I learned of Yauch’s passing on Facebook, but knew his illness was serious when I read that he didn’t attend the Beastie Boys induction into the Rock ‘n Roll Hall of Fame earlier this year.
R.I.P. MCA. You’ll be missed, but your legacy will endure.
Gil Kaufman writes for MTV (“Adam Yauch Of Beastie Boys Dead At 47“):
With his gravelly voice and laconic rapping style, Adam Yauch stood out in the [Beastie Boys], whose other members tended to have faster, more nasal flows. He formed the B-Boys in 1979 while still in high school as a hardcore punk band, but their sound progressed over the years until they emerged as one of the most successful rap groups in history.
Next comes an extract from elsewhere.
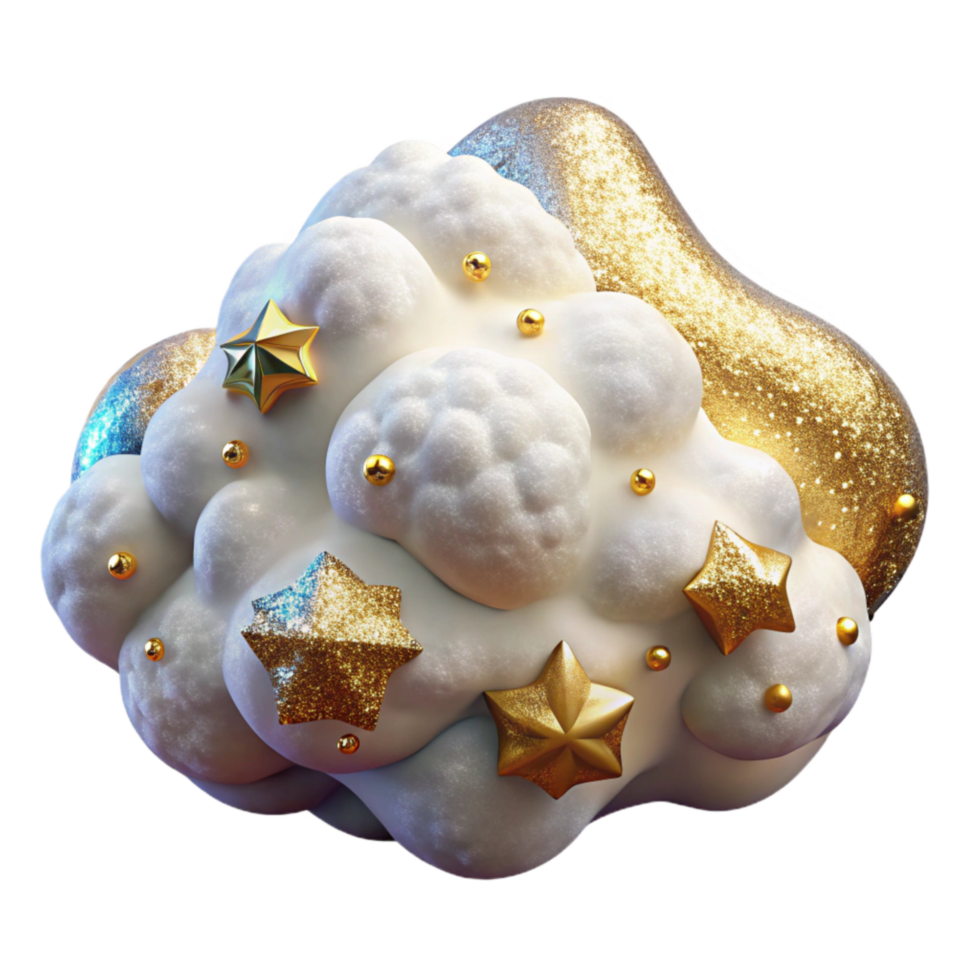 serene classic White Cloud Fluffy Texture Cutout high quality png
After getting signed to Def Jam in 1984 they released the smash Licensed to Ill, which included such hits as “(You Gotta) Fight For Your Right To Party,” “Brass Monkey,” “No Sleep Till Brooklyn” and “She’s Crafty.”
Their next album, the psychedelic 1988 release Paul’s Boutique set a new high-water mark for the art of sampling and stands today as one of the finest examples of the art.
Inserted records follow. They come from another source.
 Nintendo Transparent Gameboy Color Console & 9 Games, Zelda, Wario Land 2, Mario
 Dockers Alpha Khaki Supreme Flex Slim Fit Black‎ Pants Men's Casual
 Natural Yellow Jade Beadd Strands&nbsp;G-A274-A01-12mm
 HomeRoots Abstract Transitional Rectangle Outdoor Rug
Like their label mates and friends in Run-DMC, the B-Boys excelled at seamlessly interweaving their vocals, trading off lines and verses at lightning speed. Amid the barrage of verbal gymnastics, though, Yauch’s voice stood out for its world-weariness and unhurried cadence on tracks like “High Plains Drifter” and his tongue-twisting, double-time disco breaking showcase midway through the 12-minute Boutique epic, “B-Boy Bouillabaisse.”
Though all three Boys emerged on the national scene with snotty, party hardy attitudes, it was Yauch who grew into the most centered and serious member of the group. In addition to playing bass, he also directed many of the group’s videos under the pseudonym Nathaniel Hornblower. Rarely seen in public, Hornblower made a legendary appearance at the 1994 MTV Video Music Awards, bum rushing R.E.M. as his alter ego after they took the Best Direction award over Beastie pal Spike Jonze for his landmark work in their cop-show spoofing clip “Sabotage.”
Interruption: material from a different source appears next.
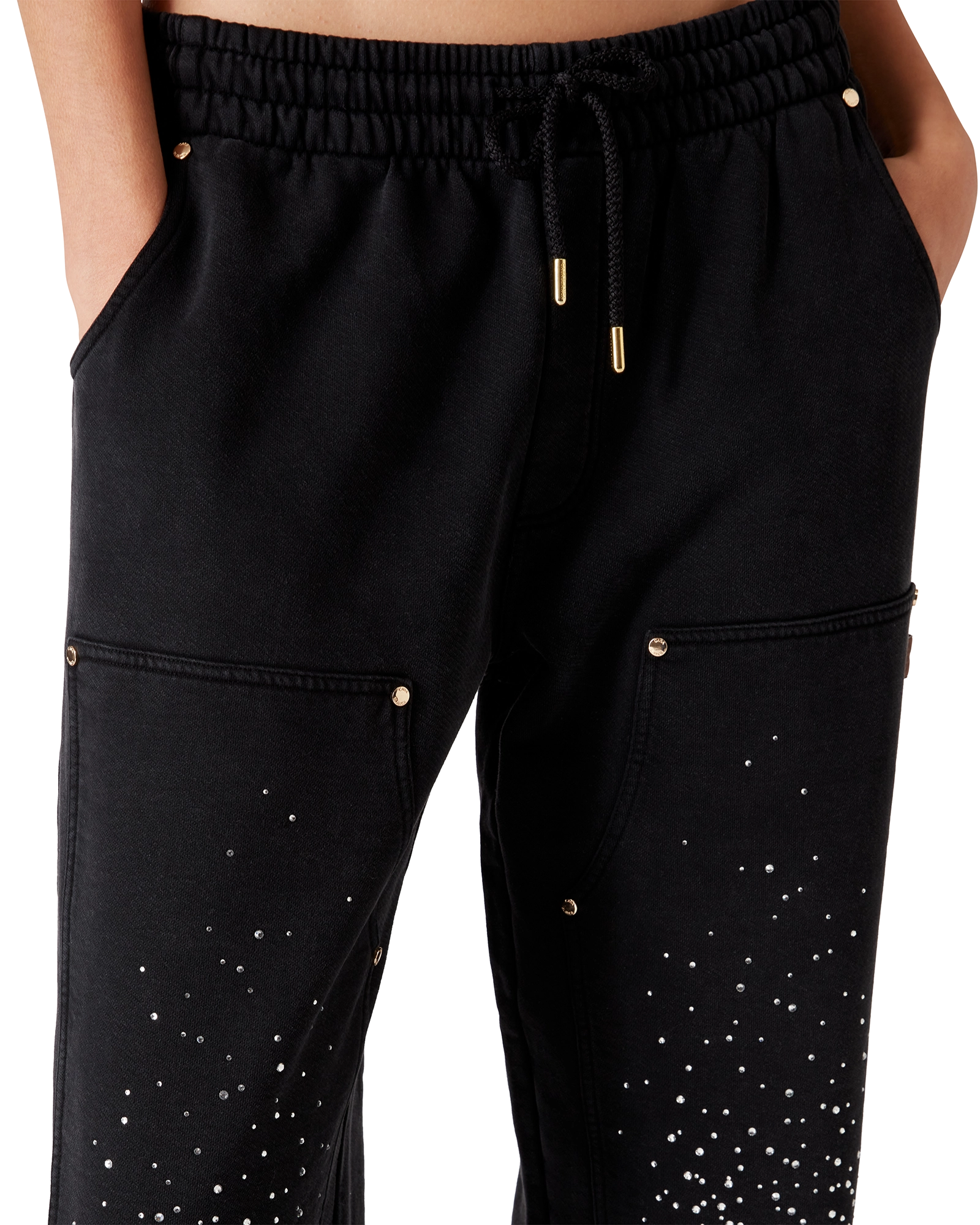 La Prémonition Crystal Embellished Sweatpants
He was also instrumental in organizing a series of all-star concerts between 1996 and 2001 to raise awareness of the repression of the Tibetan people. The shows, which combined activism and music, featured sets from traditional Buddhist acts and speakers as well as the Red Hot Chili Peppers, Rage Against the Machine, De La Soul, Beck, Foo Fighters, U2, Radiohead, Dave Matthews Band, R.E.M. and Pearl Jam.
Yauch, a practicing Buddhist who revised some of his young and wild lyrics in concert later in life, went on to direct many more video for his band, as well as the kaleidoscopic 2006 Beasties live movie, “Awesome, I F—in’ Shot That!” He also formed Oscilloscope Laboratories, a film company that distributed a number of documentaries and features, including “We Need To Talk About Kevin,” “Dark Days,” “Meek’s Cutoff,” “Beautiful Losers” and the Banksy doc “Exit Through the Gift Shop.”